Scraped caption text data
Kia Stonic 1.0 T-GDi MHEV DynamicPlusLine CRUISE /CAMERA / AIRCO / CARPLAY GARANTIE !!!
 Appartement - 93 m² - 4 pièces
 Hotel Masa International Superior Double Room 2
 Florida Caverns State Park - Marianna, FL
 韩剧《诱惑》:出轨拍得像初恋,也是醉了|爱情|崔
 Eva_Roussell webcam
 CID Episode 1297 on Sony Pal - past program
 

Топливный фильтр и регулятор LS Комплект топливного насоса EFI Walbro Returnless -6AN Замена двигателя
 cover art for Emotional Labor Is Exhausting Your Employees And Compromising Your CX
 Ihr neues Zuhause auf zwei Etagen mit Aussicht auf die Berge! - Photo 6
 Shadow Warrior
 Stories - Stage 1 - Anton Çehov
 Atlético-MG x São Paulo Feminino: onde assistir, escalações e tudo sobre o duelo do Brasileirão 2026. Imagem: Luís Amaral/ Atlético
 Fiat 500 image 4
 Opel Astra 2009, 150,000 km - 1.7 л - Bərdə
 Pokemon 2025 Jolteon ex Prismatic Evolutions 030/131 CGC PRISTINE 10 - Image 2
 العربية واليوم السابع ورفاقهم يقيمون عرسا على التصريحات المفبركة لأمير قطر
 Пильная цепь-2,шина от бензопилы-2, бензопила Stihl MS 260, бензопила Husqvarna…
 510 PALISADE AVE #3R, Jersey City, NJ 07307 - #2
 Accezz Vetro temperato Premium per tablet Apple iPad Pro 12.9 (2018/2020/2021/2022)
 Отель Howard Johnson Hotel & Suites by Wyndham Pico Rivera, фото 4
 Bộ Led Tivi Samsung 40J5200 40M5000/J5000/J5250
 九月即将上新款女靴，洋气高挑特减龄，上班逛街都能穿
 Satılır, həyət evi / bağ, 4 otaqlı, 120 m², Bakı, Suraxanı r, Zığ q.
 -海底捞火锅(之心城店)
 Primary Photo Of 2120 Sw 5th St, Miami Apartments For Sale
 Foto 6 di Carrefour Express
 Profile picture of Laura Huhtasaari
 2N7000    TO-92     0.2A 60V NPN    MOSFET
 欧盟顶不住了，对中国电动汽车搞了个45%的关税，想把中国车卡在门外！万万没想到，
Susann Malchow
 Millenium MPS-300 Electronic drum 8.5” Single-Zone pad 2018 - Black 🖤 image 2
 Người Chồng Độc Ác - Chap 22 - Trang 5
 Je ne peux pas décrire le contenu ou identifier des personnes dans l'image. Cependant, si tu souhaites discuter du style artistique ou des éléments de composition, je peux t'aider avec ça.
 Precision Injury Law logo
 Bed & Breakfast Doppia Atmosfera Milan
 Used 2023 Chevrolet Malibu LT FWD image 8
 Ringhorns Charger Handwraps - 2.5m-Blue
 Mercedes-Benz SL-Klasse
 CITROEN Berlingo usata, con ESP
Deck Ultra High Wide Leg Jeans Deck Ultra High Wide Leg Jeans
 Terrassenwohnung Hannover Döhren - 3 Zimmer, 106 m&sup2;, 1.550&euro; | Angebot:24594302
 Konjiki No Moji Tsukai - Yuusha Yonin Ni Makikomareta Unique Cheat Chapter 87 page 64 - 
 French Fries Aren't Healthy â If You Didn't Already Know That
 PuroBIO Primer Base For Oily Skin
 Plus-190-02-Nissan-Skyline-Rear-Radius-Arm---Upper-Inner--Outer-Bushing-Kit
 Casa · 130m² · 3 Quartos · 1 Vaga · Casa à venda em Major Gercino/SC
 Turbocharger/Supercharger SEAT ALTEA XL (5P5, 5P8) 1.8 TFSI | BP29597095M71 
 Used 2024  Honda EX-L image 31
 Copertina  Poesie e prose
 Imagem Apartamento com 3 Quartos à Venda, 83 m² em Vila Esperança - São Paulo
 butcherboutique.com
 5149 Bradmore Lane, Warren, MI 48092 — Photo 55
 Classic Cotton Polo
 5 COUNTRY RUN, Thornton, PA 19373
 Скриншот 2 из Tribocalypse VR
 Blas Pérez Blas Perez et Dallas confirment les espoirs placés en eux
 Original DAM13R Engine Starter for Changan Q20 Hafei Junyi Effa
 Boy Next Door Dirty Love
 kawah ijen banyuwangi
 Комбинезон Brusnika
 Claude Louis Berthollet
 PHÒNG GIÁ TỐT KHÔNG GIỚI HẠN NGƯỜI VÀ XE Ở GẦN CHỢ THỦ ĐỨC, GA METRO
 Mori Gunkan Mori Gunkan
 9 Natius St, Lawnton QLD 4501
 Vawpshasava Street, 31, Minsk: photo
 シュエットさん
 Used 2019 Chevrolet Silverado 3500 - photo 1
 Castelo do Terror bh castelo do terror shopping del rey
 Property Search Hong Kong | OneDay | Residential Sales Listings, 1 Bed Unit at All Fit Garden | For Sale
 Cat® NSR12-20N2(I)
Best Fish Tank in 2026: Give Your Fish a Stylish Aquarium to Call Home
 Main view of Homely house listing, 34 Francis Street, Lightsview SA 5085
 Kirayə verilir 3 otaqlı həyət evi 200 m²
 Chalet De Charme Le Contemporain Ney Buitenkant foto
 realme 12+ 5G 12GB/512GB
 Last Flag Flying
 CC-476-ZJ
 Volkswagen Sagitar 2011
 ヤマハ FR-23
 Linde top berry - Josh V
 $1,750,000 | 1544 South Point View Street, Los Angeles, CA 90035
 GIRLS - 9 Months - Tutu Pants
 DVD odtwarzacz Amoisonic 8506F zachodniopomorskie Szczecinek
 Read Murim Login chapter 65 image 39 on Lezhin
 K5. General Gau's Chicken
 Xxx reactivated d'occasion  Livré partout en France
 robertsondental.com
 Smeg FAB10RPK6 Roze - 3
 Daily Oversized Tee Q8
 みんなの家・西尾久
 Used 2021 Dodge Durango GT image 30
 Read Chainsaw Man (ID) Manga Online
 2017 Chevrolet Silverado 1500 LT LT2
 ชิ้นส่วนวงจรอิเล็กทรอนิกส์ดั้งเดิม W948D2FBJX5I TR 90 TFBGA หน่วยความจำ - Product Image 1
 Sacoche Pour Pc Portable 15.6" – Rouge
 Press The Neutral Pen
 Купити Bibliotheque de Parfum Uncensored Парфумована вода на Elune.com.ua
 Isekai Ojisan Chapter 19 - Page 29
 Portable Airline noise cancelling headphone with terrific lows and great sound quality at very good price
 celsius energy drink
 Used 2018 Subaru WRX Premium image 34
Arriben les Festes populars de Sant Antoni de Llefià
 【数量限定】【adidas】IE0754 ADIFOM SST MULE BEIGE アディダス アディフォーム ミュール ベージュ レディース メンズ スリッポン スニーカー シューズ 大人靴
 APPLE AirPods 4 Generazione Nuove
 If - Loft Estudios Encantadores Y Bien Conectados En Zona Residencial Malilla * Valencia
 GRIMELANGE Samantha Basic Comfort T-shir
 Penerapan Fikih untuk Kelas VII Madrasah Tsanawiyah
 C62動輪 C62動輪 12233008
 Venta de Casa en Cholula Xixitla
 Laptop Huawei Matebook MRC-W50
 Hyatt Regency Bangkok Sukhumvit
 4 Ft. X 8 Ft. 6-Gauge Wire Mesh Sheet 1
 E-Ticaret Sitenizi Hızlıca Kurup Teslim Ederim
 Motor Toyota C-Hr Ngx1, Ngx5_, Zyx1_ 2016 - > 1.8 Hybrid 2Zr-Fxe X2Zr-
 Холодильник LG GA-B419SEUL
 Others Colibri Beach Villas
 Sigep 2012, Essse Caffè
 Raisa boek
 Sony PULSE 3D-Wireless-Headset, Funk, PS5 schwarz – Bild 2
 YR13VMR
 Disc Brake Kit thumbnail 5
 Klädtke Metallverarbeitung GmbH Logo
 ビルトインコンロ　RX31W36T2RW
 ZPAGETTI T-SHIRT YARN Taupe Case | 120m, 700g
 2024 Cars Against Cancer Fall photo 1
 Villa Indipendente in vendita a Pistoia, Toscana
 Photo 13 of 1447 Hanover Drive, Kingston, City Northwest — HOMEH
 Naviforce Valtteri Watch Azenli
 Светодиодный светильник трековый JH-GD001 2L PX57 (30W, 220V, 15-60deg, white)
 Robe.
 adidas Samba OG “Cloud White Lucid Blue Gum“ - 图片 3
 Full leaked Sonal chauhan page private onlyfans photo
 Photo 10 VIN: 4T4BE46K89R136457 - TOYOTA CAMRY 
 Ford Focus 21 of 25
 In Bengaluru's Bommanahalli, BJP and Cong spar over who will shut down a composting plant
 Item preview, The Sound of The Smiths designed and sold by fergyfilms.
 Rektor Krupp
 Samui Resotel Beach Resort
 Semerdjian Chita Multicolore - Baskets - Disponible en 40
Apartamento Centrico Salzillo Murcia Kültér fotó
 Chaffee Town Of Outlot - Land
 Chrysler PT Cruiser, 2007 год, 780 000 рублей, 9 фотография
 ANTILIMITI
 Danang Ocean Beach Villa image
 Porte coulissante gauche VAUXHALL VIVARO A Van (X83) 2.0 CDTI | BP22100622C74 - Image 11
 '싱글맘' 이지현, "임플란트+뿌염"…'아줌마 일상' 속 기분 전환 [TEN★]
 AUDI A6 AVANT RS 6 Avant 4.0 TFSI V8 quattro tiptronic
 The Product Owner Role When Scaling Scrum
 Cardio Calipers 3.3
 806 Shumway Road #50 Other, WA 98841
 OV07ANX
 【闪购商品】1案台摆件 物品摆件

# [What to produce]
All lines in the records with the string "Paulo" should be copied out.

# [Answer section]
 Atlético-MG x São Paulo Feminino: onde assistir, escalações e tudo sobre o duelo do Brasileirão 2026. Imagem: Luís Amaral/ Atlético
 Imagem Apartamento com 3 Quartos à Venda, 83 m² em Vila Esperança - São Paulo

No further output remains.